• [Goal of the exercise] Only the pictures are to be left out; the listing itself is repeated exactly.

• [The data]
= Beginning of Section =

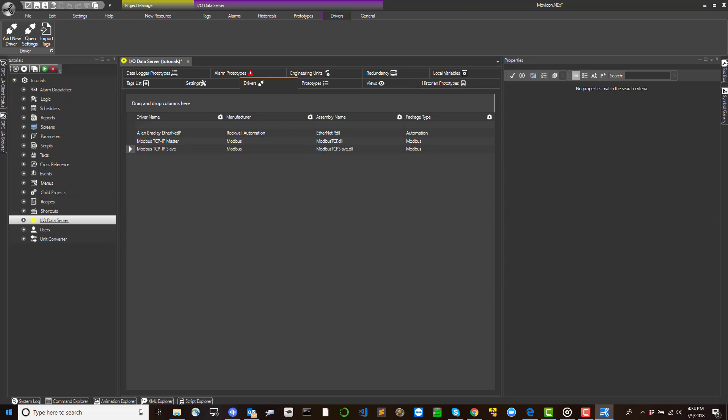Some of the parameters presented in the three setting forms are the same for all of the drivers, while others are specific to each individual driver depending on the protocol type that the driver uses. Therefore, please refer to the documentation of each individual driver.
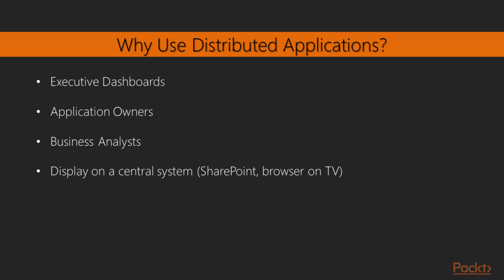Application owners really, at the end of the day, just care about their application. They don't care about what the processor utilization is, so we can present just the information they need. You might want to allow BAs or business analysts into a dashboard and not have them look into the other details. Maybe it might cause a little more confusion for them and a little more chaos for you. And again, to display it on that central system, and what we'll look at in other videos is how we can put that into SharePoint, for example. Maybe we present it in a browser on a TV. So there's a variety of ways that we can go ahead and utilize these distributed applications.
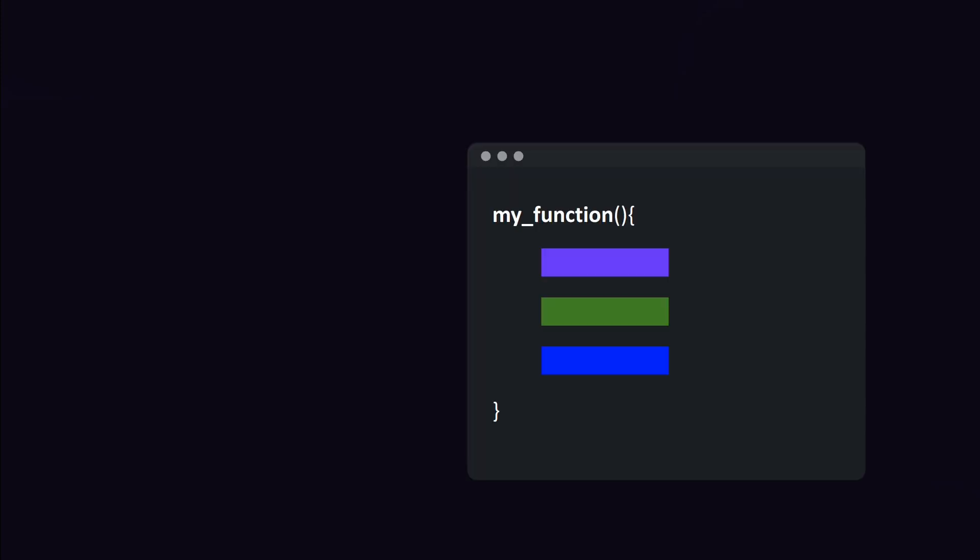What is durable execution? As any developer knows, code can fail at any point. Imagine this function that processes orders. You process the payment, register the order by writing it to a database, and then you send the buyer a confirmation email.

= End of Section =

• [Reply]
Some of the parameters presented in the three setting forms are the same for all of the drivers, while others are specific to each individual driver depending on the protocol type that the driver uses. Therefore, please refer to the documentation of each individual driver.
Application owners really, at the end of the day, just care about their application. They don't care about what the processor utilization is, so we can present just the information they need. You might want to allow BAs or business analysts into a dashboard and not have them look into the other details. Maybe it might cause a little more confusion for them and a little more chaos for you. And again, to display it on that central system, and what we'll look at in other videos is how we can put that into SharePoint, for example. Maybe we present it in a browser on a TV. So there's a variety of ways that we can go ahead and utilize these distributed applications.
What is durable execution? As any developer knows, code can fail at any point. Imagine this function that processes orders. You process the payment, register the order by writing it to a database, and then you send the buyer a confirmation email.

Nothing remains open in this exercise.